Entstanden ist ein nostalgischer Film von großer Schönheit, der von Vater- und Tochterliebe handelt, von der zeitlosen Sehnsucht, aus der Provinz auszubrechen und vom Untergang eines Handwerks an der Schwelle zur Moderne. Ein Denkmal also – auch für die heute im Verschwinden begriffene Handarbeit des Filmemachens. Denn Marcello hat sich bei seinem ersten französischsprachigen Film für eine ebenso teure wie aufwendige Analogproduktion entschieden: Herrlich grob gekörnte Bilder im Format 4:3, die, sei es auf dem Feld oder in der Stube, echtes Licht und echte Dunkelheit einfangen (wenn es dunkel ist, ist es wirklich dunkel) – natürlich an Originalschauplätzen.
Selten waren Falten schöner
Zu sehen ist viel Landschaft, die Weiten der Picardie nördlich von Paris: Felder, Wiesen, Wälder, Steilküsten. Im Dorf dann viele alte Menschen mit noch mehr Falten im Gesicht. Und auf den Händen. Letztere sind im Film zentral: Die schönsten, angeblich Wunder vollbringenden hat Hauptdarsteller Raphaël (Raphaël Thiéry). Immer wieder werden seine wulstigen, ledern schimmernden Hände mit ihren unzähligen Falten in wunderschönen Nahaufnahmen gezeigt. Ebenso die auffällig expressiven Gesichter von Amme, Kneipenwirt, Bauleiter, Dorfhexe – alles einfachen Leute mit dreckigen Fingernägeln.

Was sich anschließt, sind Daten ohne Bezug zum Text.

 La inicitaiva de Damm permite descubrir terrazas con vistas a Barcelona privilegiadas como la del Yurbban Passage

Raphaël ist einer von ihnen. Zu Beginn kehrt er aus jenem Weltkrieg heim, von dem die Leute noch nicht wissen konnten, dass es (nur) der Erste gewesen sein sollte. Ein grummeliger, wortkarger, humpelnder Schreiner, dem ein schreiendes Baby in den Schoß gelegt wird: Seine Tochter Juliette, erfährt er. Rührend kümmert er sich fortan um das mutterlose Kind, allen gesellschaftlichen Widerständen zum Trotz. Und die sind groß. (Warum, kann hier nicht verraten werden.)

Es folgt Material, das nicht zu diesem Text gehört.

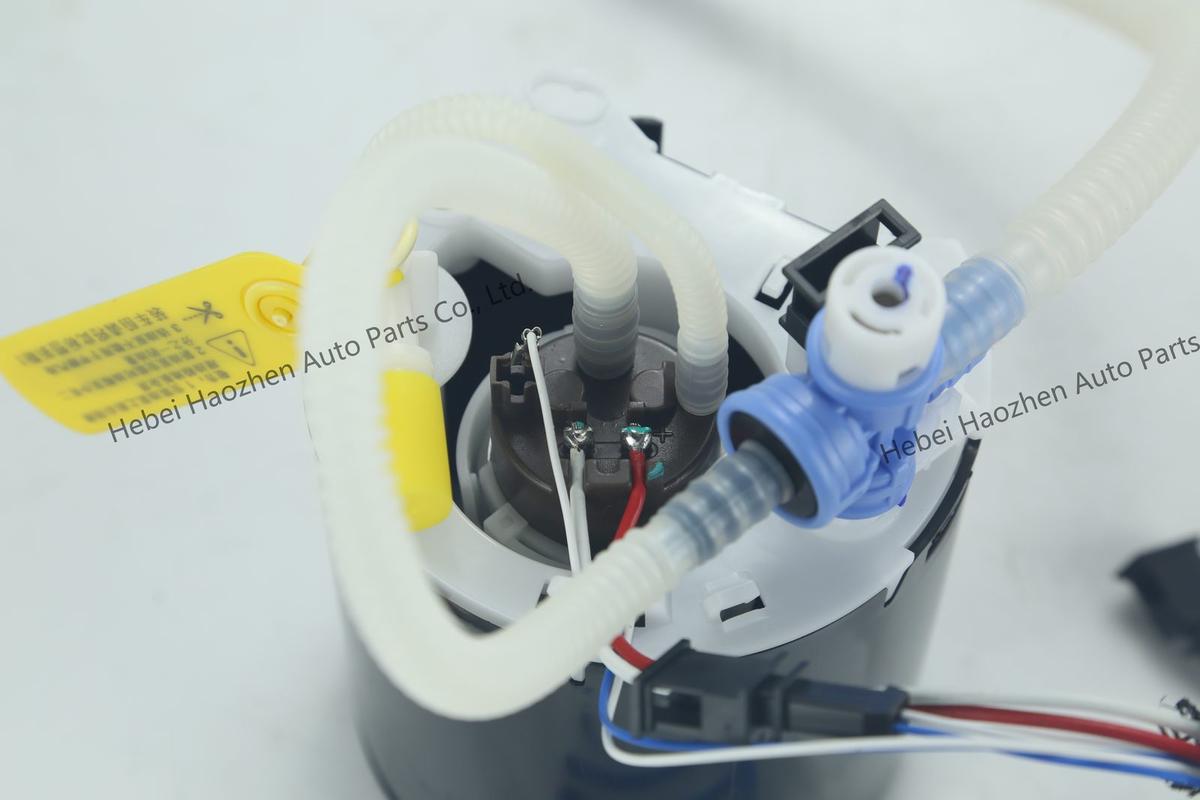 LR036126 Fuel Pump - Image 5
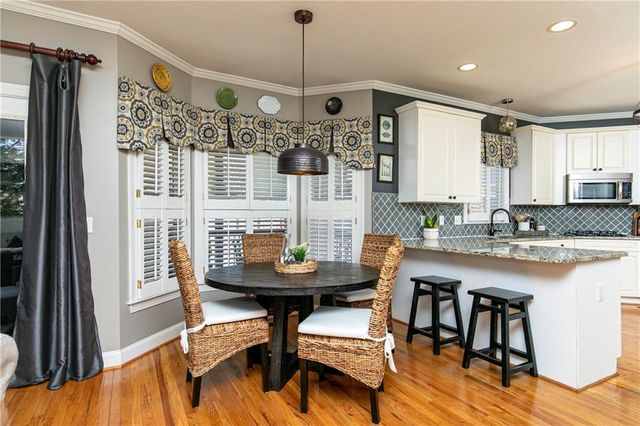 5611 Hedge Brooke Lane NW, Acworth, GA 30101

Hinter der grobschlächtigen Erscheinung liegt offenbar ein empfindsamer Kern. Und siehe da: Die rauen Handwerkerhände können fein gearbeitetes Kinderspielzeug herstellen, können Klavier spielen, können zuletzt auch väterliche Zärtlichkeit spenden. Das ist die erste Liebesgeschichte, abgelöst wird sie von der Come-of-Age-Geschichte der Tochter (Juliette Jouan): An die Stelle des geliebten Papas rückt in der zweiten Hälfte ein junger Pilot, gespielt von Louis Garrel (der auch mit Anfang 40 noch als Anfang-20-jähriger durchgeht): Bruchlandung, gebrochenes Bein, gebrochenes Herz usw.

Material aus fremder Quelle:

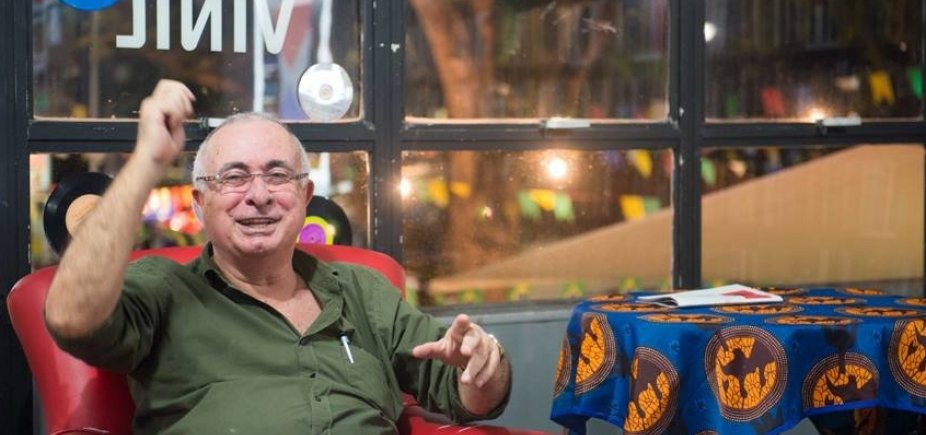 'Disco de vinil não é preto, pintam de preto para vender', revela Roberto Sant'Ana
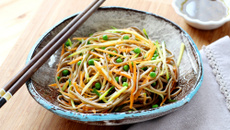 Salade de nouilles Soba, carottes et courgettes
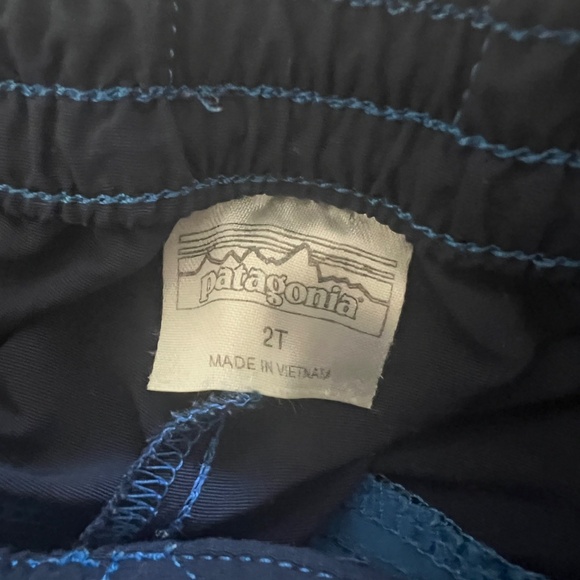 3 PAIRS! Of One Sea and Patagonia 2T shorts, excellent condition - Picture 11 of 11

Pietro Marcello will sich für kein Genre entscheiden
Eine einfache Geschichte, die Anleihen beim Märchen und beim Musikfilm macht, die Genres aber gleichsam nur touchiert und dann weiterzieht: Bevor die Jacques-Demy-Hommage in ein Musical zu kippen droht, hat Juliette schon wieder aufgehört zu singen, und der Film segelt behutsam weiter, erzählt dabei auch von Verlust, von Gewalt, Trauer und der Emanzipation der verfemten Hauptfigur, die nicht zufällig ein scharlachrotes Kleid trägt.
Zum Schluss blickt die nunmehr erwachsene Frau aufs offene Meer, bereit, aufzubrechen, mit Wind in den Segeln hinaus in die Welt; ein melancholisches Ende, angesichts des heraufziehenden Ungewitters am Zeithorizont von 1938. Zwischen den Menschheitskatastrophen liegen genau 100 Minuten vergänglichen Filmglücks.